→ **Task**
Print only the line with "Union Carbide Company" and the lines after it, ending with the last line of the material, each exactly as it stands.
┄┄┄┄┄┄┄┄┄┄┄┄┄┄┄┄┄┄┄┄
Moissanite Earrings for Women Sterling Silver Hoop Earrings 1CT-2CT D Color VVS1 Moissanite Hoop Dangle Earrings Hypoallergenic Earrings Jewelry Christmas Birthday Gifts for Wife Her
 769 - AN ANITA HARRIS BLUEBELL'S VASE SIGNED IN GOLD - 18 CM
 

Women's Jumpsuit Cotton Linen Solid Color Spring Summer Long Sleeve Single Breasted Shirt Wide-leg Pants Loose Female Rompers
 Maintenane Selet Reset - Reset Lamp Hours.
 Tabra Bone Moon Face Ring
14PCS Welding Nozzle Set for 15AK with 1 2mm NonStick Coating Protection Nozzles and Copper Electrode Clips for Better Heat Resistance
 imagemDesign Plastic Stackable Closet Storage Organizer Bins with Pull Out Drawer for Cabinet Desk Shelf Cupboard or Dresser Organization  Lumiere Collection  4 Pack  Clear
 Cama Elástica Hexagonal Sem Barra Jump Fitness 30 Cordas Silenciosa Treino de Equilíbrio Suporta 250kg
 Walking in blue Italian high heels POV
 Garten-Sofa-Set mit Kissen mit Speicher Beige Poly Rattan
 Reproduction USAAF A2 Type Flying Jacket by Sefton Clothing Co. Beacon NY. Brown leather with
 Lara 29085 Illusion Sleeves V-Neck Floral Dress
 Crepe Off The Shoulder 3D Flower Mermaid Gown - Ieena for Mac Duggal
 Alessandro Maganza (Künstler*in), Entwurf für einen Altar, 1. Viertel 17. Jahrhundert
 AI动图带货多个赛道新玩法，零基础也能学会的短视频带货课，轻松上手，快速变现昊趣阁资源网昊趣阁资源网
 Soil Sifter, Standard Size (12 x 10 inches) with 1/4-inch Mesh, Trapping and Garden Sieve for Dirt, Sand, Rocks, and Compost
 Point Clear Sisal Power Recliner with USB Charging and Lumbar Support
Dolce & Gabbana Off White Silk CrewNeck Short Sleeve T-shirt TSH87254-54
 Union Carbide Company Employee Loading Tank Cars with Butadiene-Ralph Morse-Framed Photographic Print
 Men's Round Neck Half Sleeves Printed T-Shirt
┄┄┄┄┄┄┄┄┄┄┄┄┄┄┄┄┄┄┄┄
→ **Task solution**
 Union Carbide Company Employee Loading Tank Cars with Butadiene-Ralph Morse-Framed Photographic Print
 Men's Round Neck Half Sleeves Printed T-Shirt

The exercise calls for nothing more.